#### Stored data

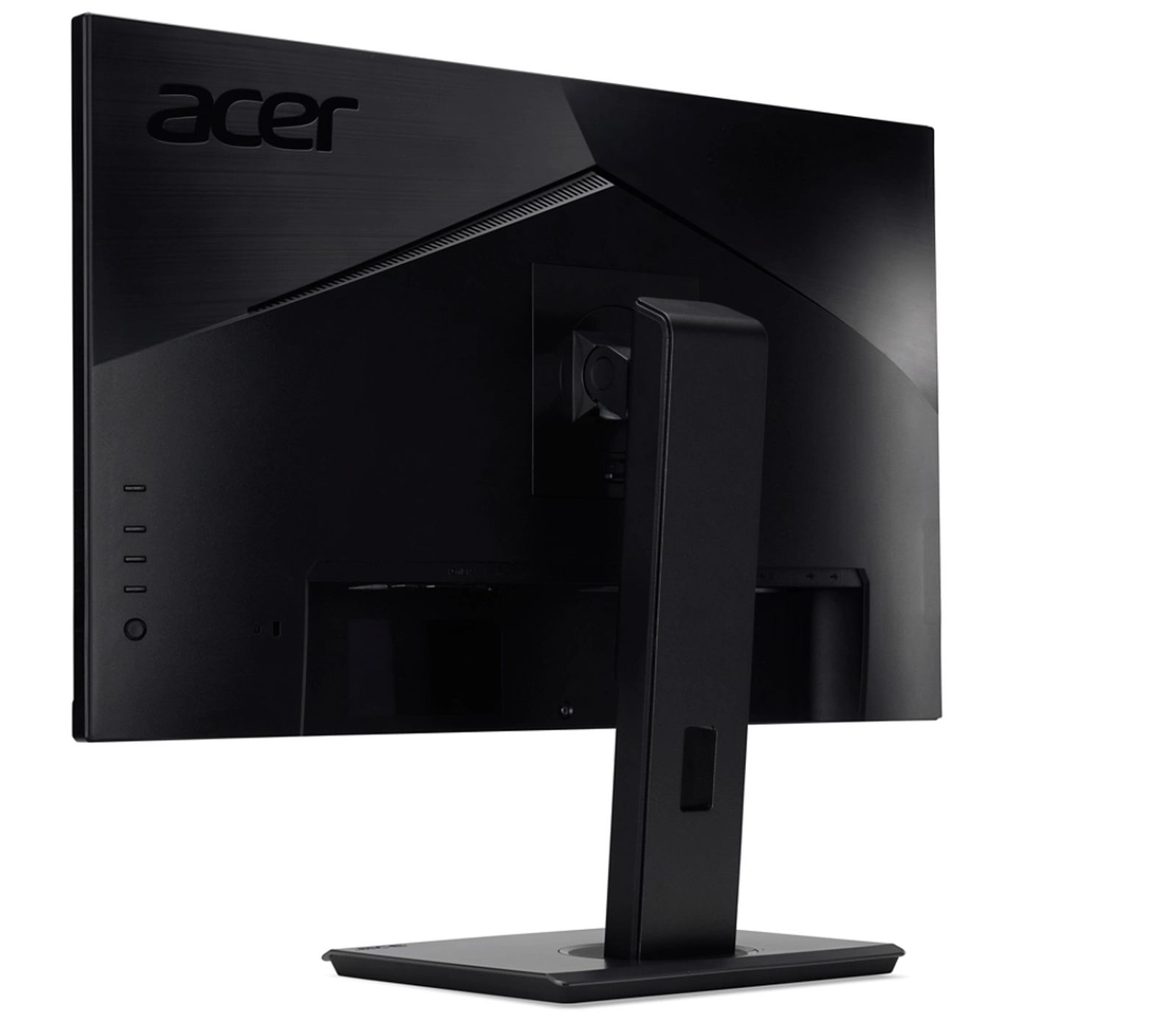 Czarny monitor Acer, widok z tyłu. Widoczny stojak i porty. Logo Acer na górze.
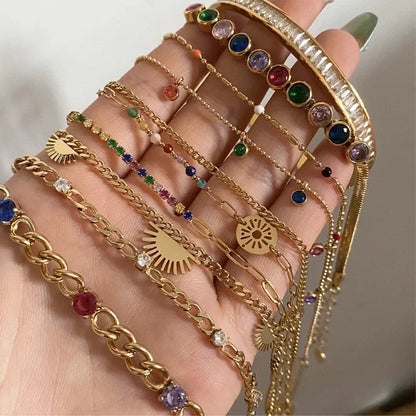 3 Pieces Casual Retro Geometric 304 Stainless Steel 16K Gold Plated White Gold Plated Gold Plated Zircon Bracelets In Bulk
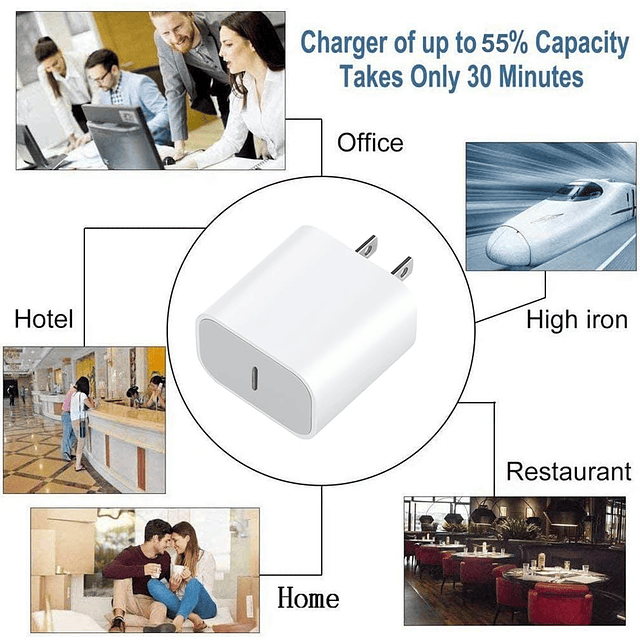 Cargador para iPhone 15, cargador USB C de 20 W para iPhone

########

What you should do. A word-for-word copy of all the data is required, minus the pictures.

Result of this exercise.
 Czarny monitor Acer, widok z tyłu. Widoczny stojak i porty. Logo Acer na górze.
 3 Pieces Casual Retro Geometric 304 Stainless Steel 16K Gold Plated White Gold Plated Gold Plated Zircon Bracelets In Bulk
 Cargador para iPhone 15, cargador USB C de 20 W para iPhone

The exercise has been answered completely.